#### Stored entries:
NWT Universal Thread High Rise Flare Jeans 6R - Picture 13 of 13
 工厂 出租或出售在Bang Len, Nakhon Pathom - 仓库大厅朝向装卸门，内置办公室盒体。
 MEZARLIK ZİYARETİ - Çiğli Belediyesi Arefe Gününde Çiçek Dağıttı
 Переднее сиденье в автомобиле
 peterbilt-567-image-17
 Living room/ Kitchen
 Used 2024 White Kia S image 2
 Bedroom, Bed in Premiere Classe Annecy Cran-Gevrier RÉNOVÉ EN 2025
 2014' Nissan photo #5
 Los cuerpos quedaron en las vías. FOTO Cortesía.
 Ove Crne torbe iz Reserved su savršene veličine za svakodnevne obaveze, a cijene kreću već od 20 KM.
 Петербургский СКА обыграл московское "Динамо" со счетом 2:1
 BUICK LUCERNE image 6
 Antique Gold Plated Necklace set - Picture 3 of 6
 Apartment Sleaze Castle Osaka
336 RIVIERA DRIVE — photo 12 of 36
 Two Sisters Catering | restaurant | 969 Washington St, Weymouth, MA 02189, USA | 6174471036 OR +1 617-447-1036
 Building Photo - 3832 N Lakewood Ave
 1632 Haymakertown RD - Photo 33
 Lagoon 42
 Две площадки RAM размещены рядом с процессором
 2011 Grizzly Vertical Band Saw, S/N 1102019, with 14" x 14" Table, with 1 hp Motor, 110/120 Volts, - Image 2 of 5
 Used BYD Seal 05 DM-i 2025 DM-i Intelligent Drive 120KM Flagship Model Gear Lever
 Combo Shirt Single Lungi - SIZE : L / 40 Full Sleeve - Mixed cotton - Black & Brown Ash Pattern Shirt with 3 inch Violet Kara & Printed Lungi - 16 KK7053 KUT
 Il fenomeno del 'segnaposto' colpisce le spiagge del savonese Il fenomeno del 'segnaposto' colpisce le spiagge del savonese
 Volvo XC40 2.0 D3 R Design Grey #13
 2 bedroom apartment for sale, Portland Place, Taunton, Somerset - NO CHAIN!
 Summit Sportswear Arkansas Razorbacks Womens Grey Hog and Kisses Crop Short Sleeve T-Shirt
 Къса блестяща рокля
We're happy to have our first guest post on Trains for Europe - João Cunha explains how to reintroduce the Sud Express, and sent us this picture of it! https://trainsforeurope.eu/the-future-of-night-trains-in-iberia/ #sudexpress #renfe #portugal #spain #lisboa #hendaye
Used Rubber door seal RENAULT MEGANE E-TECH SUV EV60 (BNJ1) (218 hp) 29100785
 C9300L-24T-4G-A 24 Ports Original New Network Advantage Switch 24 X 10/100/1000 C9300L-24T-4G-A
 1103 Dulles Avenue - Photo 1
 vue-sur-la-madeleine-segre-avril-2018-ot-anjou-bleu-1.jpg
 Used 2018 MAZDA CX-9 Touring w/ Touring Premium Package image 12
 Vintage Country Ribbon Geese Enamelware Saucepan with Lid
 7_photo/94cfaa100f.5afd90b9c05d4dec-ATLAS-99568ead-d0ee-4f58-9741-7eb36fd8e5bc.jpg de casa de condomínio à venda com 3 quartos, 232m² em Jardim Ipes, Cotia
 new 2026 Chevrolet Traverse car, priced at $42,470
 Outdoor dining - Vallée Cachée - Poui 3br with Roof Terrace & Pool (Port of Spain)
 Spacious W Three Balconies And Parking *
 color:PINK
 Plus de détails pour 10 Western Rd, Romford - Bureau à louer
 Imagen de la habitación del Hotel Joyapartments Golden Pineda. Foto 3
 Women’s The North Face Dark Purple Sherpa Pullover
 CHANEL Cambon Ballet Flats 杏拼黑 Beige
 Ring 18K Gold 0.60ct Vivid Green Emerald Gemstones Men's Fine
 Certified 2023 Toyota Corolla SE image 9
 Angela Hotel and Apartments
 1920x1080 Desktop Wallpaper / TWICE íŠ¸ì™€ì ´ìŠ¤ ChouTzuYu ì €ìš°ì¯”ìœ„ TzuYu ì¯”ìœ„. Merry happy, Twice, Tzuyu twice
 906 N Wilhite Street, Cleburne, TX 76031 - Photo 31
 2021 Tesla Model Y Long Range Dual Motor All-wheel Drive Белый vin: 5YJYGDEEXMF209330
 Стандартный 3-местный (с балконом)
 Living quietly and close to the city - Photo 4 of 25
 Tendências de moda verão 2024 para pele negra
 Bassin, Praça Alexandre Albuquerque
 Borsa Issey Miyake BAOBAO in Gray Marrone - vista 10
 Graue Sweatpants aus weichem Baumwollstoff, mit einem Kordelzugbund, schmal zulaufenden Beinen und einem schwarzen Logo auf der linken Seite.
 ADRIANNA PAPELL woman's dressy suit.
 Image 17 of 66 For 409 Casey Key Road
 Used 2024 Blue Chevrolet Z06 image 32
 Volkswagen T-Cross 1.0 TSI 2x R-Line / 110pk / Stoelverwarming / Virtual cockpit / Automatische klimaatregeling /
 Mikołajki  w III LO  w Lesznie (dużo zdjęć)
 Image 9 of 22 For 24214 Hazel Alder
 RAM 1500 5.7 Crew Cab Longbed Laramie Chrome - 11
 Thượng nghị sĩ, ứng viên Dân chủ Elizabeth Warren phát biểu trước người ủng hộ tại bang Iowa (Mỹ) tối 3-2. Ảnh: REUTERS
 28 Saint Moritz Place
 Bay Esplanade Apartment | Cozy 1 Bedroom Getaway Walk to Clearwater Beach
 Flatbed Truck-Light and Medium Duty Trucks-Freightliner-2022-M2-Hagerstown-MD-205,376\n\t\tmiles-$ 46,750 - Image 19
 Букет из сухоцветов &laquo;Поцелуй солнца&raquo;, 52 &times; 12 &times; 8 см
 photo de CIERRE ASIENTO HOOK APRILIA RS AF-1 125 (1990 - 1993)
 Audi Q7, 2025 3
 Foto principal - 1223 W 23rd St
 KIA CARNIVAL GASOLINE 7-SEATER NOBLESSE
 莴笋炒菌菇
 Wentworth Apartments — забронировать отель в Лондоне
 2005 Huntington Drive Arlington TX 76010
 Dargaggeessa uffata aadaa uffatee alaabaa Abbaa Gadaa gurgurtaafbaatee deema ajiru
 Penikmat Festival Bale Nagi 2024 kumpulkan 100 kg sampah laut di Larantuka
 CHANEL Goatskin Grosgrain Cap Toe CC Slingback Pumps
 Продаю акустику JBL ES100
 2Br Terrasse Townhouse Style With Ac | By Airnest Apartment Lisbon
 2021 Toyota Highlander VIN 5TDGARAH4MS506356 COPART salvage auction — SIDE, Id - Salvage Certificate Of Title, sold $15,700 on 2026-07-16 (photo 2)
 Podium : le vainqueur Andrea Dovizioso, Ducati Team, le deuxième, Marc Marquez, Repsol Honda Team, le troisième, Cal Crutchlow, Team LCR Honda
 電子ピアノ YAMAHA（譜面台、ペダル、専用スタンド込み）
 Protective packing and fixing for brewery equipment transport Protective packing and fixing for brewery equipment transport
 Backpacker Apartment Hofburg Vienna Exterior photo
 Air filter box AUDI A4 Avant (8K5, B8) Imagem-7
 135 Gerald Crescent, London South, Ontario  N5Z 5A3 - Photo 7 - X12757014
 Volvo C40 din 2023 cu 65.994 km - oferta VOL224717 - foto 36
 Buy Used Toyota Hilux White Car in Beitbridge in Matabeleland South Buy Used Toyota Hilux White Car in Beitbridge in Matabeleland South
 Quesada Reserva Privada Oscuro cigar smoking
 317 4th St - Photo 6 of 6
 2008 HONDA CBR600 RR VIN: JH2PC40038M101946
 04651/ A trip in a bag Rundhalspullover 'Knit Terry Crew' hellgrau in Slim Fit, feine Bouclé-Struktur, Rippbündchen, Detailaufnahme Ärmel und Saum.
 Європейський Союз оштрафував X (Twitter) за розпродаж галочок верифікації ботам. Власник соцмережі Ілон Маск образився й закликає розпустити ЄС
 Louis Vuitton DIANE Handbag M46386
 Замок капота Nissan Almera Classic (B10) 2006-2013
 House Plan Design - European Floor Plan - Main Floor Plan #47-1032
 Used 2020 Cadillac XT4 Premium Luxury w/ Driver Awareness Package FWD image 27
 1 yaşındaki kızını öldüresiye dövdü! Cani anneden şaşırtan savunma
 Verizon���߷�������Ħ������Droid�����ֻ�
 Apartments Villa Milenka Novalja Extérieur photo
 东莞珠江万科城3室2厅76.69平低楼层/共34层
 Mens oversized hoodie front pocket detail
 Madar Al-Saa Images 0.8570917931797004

#### PROMPT:
The response must consist solely of the lines from the top of the records through the line holding "Ove Crne torbe", copied word for word.

#### OUTPUT:
NWT Universal Thread High Rise Flare Jeans 6R - Picture 13 of 13
 工厂 出租或出售在Bang Len, Nakhon Pathom - 仓库大厅朝向装卸门，内置办公室盒体。
 MEZARLIK ZİYARETİ - Çiğli Belediyesi Arefe Gününde Çiçek Dağıttı
 Переднее сиденье в автомобиле
 peterbilt-567-image-17
 Living room/ Kitchen
 Used 2024 White Kia S image 2
 Bedroom, Bed in Premiere Classe Annecy Cran-Gevrier RÉNOVÉ EN 2025
 2014' Nissan photo #5
 Los cuerpos quedaron en las vías. FOTO Cortesía.
 Ove Crne torbe iz Reserved su savršene veličine za svakodnevne obaveze, a cijene kreću već od 20 KM.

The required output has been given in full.